*** Block opens ***

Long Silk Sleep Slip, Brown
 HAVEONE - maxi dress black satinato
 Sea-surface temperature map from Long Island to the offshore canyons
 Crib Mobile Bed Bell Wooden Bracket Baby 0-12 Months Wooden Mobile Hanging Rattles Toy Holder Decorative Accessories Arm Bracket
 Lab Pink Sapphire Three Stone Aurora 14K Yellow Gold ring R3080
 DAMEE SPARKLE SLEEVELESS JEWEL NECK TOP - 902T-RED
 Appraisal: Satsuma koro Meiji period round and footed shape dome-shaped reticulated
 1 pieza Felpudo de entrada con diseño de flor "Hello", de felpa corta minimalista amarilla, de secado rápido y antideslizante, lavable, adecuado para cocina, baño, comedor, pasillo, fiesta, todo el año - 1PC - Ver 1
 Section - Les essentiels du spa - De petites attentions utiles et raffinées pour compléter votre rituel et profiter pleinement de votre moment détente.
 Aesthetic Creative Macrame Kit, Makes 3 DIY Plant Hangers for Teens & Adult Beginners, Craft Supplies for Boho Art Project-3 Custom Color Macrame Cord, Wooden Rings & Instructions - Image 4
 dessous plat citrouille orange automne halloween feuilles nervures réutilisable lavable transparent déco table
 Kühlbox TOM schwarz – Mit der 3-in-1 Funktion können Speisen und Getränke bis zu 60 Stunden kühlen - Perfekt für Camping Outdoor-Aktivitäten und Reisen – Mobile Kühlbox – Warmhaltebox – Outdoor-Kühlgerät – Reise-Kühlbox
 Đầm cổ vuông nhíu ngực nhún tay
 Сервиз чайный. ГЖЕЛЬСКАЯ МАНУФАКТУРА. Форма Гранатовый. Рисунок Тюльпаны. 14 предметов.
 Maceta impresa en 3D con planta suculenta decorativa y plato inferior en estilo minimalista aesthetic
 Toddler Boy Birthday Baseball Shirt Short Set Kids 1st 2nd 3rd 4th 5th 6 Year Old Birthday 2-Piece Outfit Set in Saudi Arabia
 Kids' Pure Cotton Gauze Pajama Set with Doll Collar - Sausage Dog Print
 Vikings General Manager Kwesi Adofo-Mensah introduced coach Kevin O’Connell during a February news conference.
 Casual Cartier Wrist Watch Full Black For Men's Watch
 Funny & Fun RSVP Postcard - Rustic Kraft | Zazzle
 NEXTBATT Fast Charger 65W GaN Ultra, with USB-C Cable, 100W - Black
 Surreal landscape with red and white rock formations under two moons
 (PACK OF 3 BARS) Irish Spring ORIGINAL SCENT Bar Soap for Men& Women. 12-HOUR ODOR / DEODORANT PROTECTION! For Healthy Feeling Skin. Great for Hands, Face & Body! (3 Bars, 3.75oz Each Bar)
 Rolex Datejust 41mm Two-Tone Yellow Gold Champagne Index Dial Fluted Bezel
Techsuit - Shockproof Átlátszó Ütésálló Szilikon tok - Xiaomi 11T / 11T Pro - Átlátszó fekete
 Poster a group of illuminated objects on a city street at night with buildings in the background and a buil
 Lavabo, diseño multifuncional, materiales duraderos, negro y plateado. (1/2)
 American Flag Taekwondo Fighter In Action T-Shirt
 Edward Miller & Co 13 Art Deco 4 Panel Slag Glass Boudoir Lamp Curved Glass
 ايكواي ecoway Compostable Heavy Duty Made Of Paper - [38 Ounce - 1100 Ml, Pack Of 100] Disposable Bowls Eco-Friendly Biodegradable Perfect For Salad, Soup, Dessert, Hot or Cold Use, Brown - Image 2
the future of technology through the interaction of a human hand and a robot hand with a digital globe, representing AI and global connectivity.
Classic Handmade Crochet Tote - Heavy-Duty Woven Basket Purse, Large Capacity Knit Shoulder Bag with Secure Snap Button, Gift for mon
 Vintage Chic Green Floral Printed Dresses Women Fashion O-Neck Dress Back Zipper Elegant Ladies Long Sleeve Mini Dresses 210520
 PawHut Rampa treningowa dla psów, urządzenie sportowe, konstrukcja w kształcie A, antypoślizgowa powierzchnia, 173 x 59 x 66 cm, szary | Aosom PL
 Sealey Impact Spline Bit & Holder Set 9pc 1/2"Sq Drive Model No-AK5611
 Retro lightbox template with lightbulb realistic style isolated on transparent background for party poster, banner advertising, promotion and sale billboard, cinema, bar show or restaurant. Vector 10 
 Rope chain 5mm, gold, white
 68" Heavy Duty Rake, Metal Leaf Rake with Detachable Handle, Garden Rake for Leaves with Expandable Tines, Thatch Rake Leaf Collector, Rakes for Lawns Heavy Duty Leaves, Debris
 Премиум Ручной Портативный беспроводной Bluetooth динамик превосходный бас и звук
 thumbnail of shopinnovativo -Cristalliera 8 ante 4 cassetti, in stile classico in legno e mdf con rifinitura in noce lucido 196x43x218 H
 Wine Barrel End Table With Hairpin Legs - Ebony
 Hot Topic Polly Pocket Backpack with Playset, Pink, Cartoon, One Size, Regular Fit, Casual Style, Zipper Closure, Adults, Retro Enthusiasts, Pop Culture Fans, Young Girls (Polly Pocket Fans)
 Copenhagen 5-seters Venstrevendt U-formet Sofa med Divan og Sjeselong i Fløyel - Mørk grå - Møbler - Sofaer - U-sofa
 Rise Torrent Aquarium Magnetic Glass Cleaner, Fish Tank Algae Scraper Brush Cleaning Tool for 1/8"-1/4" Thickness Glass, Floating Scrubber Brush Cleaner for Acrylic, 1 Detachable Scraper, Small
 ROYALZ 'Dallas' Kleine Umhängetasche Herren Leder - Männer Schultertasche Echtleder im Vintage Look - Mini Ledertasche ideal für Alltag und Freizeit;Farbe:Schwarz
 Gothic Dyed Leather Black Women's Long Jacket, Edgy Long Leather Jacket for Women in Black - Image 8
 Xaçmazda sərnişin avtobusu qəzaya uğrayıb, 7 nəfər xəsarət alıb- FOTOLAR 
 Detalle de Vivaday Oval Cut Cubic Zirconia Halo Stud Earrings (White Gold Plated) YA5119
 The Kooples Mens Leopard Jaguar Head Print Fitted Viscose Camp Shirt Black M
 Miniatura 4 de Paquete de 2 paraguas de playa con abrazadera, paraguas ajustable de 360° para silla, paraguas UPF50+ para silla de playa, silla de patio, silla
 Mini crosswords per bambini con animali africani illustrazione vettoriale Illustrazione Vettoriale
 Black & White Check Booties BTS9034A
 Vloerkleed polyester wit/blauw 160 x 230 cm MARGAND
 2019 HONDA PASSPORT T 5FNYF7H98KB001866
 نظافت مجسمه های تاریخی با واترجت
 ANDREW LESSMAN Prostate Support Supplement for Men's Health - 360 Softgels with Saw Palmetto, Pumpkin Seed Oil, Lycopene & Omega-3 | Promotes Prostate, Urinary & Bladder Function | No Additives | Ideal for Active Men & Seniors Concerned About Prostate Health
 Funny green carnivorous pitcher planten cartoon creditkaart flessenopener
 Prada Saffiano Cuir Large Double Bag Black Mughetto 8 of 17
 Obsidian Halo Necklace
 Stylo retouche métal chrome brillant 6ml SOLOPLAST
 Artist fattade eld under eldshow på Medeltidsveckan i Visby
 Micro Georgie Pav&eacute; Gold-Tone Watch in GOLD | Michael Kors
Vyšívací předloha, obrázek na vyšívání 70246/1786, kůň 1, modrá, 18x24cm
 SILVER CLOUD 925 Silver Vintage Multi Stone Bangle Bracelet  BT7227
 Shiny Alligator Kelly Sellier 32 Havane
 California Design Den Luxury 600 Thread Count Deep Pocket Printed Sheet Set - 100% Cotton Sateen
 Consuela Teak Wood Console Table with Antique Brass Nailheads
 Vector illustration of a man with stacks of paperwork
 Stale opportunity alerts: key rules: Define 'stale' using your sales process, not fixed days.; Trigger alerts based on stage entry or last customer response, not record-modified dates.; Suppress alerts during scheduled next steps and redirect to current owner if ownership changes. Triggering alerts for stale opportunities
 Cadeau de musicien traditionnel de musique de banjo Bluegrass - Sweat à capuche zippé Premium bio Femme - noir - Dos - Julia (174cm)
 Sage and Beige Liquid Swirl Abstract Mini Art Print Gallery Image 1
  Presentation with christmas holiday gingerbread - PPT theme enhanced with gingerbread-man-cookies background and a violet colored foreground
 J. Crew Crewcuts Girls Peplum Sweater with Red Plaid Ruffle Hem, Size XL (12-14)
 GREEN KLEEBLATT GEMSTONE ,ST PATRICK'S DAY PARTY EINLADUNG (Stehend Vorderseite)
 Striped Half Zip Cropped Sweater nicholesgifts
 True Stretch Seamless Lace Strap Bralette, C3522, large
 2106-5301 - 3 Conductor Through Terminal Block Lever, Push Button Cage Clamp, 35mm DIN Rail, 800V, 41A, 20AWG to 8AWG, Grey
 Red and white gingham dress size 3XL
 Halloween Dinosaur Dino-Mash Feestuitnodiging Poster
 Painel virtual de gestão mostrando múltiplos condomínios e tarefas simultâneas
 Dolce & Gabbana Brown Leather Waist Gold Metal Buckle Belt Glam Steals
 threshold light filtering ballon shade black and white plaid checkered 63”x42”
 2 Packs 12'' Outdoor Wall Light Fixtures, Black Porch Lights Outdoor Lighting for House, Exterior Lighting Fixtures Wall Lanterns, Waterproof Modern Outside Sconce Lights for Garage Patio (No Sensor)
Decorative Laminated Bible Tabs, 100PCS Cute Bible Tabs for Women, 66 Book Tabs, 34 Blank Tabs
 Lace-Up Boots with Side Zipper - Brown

*** Block closes ***

| EXERCISE DETAILS |
Go through the entries above and copy each line with "Kids" in it.

| EXERCISE RESULT |
 Toddler Boy Birthday Baseball Shirt Short Set Kids 1st 2nd 3rd 4th 5th 6 Year Old Birthday 2-Piece Outfit Set in Saudi Arabia
 Kids' Pure Cotton Gauze Pajama Set with Doll Collar - Sausage Dog Print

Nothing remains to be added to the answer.